For anyone curious about why Apple is allowing its researchers to (anonymously) publish papers like these on an Apple blog, it's because of this:
Apple’s director of AI research Russ Salakhutdinov has announced at a conference that the company’s machine-learning researchers will be free to publish their findings. This is an apparent reversal of Apple's previous position.
Refusing permission to publish was said to be keeping the company out of the loop and meaning that the best people in the field didn’t want to work for Apple.
I think that is something that is worth repeating, telling and shouting: AI research is being open-sourced (arguably the most important research to make in the open, ever) because researcher DEMANDED it. And were ready to refuse job offers for ideological reasons.
As someone who has turned down offers in the military, I have often heard that it was childish and inefficient to have ideals when hunting for jobs. Well, here is the proof that it is not.
I really congratulate these researchers. By their perseverance alone they may be helping avoid one of the most worrisome dystopia ever anticipate by SF writers.
Meh, not really. You're expected to publish in the field and your future job prospects depend on it. These people just want to ensure they can easily go to other companies/orgs.
Yeah. Hard to develop a world class reputation squirreled away in the basement of Apple. This is the real reason Apple doesn't want their people publishing. Because Google will know who to snatch away!
It's very much a kick the ladder away type of company.
People in high demand can make their own conditions. They can ask for equity, more money, a company yacht... Them, they demanded open publication. And it was acceptable to the company because all the other competitors were facing the same demand.
1. The article is based on a paper submitted to the prestigious CVPR, which is obviously not anonymous. ( https://arxiv.org/abs/1612.07828 ) They mention this at the end of the post.
2. The blog's "journal" name is misleading. It means "journal" in the sense of a record of some of the stuff happening at Apple. My guess is that the blog post does not name authors because it was written by an Apple representative who manages public communications---probably because Apple is very very particular about managing their brand and what they say publicly. I wouldn't put it beyond Apple to hire someone well-versed in ML just for this role.
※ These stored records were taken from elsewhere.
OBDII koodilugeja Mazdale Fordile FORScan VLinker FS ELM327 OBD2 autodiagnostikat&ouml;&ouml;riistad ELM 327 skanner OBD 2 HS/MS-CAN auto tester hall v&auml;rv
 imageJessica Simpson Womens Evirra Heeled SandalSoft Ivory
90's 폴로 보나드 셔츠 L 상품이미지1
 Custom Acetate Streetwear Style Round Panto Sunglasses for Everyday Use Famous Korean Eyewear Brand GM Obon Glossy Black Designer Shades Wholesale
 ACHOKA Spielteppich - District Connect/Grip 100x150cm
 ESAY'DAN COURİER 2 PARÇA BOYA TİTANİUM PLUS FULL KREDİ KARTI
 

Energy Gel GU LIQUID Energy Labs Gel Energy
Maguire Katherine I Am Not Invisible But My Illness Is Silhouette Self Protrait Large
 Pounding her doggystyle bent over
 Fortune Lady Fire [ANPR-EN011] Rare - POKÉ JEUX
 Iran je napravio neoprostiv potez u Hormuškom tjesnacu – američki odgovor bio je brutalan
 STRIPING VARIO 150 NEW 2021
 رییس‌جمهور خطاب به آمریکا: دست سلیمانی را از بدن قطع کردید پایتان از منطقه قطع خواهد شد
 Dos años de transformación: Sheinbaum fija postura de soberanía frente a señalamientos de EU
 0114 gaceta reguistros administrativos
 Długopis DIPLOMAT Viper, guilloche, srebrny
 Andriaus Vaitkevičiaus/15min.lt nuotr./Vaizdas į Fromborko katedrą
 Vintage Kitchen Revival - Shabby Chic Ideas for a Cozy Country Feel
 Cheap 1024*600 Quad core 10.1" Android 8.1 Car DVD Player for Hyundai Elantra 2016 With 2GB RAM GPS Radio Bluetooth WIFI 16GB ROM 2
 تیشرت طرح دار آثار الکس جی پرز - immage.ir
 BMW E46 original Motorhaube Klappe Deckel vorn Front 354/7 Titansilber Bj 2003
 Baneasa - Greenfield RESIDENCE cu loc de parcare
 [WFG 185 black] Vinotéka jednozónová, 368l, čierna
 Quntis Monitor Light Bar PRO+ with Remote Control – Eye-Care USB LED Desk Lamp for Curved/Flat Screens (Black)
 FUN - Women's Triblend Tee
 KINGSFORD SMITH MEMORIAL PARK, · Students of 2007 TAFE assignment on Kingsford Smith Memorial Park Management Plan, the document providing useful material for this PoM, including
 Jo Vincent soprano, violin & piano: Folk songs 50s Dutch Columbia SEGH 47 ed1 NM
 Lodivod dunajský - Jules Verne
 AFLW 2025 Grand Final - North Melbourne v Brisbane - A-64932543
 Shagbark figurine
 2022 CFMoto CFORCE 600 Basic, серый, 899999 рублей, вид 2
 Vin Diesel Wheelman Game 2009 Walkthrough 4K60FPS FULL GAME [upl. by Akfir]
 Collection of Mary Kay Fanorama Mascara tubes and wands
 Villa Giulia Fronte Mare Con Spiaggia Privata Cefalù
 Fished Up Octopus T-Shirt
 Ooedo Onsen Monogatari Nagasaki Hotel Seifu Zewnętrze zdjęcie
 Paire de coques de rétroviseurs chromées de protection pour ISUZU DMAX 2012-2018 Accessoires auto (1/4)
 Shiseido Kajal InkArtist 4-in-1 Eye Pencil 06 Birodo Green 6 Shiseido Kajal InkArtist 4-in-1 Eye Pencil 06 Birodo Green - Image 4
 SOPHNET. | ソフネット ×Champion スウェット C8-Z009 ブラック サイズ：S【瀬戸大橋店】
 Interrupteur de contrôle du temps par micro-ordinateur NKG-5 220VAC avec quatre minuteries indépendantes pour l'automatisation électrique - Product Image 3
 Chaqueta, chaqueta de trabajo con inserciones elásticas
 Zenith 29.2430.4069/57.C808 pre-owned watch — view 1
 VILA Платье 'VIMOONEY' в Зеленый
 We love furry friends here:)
So, while they are starting to allow researchers to publish, they have quite some distance to go to encourage their researchers to communicate freely. One step at a time, I guess...
PS: Somehow the SNAFU of deliberately calling it a "journal" is very reminiscent of Steve Jobs's chutzpah.
Well, the "journal" in the sense of academic publishing and in the sense of a blog derive from the same root: a continuing first-person description of one's activities, updated periodically over a stretch of time.
So who wrote this? You say it's "based on a paper" written by known authors, but did they write this publication? Why not put their names not on it? Or did a representative write it, as you suggest? We don't know. It's anonymous.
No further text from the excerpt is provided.